# Try it:
Return the records exactly, from the first line through the "收聽Rico C的Grannies Anthem歌詞歌曲" line.

# Source material:
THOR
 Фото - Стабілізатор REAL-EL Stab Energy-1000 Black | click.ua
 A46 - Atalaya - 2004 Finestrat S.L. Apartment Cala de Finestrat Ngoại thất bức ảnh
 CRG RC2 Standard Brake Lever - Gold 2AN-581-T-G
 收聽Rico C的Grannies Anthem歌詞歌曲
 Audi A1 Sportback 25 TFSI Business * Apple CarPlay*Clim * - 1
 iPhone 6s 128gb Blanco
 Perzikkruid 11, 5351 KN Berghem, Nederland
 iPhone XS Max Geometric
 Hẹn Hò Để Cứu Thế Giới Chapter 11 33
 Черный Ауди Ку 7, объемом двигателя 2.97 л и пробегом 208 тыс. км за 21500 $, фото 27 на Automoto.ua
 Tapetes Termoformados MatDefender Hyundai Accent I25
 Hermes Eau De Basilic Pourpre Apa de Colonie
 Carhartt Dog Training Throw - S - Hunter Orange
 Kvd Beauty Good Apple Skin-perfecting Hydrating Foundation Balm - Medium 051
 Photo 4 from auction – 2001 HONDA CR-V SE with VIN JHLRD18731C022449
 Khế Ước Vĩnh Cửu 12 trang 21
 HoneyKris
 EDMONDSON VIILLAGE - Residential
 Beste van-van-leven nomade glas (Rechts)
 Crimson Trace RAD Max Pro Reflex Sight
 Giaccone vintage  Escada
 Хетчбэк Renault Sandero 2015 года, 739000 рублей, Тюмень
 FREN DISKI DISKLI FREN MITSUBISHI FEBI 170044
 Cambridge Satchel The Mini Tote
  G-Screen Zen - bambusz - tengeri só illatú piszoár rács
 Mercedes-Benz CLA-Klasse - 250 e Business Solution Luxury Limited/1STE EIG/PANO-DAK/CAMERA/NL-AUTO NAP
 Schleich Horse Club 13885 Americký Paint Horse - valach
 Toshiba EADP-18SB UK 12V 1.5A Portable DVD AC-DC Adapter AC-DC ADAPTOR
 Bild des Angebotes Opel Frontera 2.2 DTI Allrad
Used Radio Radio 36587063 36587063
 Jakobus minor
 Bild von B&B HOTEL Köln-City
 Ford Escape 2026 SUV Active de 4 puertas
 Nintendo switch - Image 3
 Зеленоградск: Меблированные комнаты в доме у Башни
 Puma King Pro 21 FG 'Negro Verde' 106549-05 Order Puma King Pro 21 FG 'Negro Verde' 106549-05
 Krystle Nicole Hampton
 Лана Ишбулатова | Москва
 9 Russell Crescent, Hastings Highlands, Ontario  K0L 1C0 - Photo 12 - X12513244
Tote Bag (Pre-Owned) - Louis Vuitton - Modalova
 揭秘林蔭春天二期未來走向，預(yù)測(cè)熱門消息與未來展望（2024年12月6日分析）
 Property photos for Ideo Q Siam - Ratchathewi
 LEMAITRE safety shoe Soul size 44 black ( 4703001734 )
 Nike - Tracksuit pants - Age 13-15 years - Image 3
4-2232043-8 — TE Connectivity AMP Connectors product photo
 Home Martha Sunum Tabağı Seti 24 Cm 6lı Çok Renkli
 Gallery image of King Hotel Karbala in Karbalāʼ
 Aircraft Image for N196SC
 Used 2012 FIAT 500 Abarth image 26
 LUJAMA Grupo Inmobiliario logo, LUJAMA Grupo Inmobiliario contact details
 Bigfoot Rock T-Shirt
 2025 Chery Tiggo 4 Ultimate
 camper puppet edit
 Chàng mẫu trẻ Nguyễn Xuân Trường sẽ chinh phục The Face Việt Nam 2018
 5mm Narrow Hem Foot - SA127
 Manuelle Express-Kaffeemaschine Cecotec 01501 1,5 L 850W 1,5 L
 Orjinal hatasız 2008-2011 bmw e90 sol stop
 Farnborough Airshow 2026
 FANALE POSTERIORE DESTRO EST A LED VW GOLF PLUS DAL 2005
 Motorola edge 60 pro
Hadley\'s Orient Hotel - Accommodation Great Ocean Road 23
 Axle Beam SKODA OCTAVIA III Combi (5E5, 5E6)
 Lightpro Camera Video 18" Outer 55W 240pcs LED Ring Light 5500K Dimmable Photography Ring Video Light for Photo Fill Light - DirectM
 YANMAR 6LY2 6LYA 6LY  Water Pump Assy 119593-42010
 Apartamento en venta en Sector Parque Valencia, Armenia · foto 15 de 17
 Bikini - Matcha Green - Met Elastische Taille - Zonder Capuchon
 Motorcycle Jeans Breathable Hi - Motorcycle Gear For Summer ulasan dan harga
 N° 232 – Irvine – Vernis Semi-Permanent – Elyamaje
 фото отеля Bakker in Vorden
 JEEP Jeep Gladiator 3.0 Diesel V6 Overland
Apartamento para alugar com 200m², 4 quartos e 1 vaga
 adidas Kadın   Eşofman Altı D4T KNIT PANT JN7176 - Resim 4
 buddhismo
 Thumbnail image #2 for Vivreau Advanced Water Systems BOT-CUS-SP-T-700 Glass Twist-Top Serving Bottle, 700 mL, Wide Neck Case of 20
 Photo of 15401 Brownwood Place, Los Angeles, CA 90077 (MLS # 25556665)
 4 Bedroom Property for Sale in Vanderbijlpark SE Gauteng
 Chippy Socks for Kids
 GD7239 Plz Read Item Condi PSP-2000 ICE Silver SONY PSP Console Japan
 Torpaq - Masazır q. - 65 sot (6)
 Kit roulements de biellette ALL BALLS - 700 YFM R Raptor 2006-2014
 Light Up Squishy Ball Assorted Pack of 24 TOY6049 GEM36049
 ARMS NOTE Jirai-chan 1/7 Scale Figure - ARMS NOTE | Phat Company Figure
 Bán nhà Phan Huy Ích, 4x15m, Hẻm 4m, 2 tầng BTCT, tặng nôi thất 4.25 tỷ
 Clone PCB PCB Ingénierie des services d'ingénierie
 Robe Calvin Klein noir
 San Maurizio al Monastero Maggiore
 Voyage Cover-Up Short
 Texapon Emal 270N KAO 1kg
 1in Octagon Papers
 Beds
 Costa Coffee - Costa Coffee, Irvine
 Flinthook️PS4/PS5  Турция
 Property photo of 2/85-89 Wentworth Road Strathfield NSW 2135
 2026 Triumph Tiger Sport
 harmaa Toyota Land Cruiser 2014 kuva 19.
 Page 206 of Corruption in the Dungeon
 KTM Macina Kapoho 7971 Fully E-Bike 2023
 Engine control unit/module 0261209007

# Response below:
THOR
 Фото - Стабілізатор REAL-EL Stab Energy-1000 Black | click.ua
 A46 - Atalaya - 2004 Finestrat S.L. Apartment Cala de Finestrat Ngoại thất bức ảnh
 CRG RC2 Standard Brake Lever - Gold 2AN-581-T-G
 收聽Rico C的Grannies Anthem歌詞歌曲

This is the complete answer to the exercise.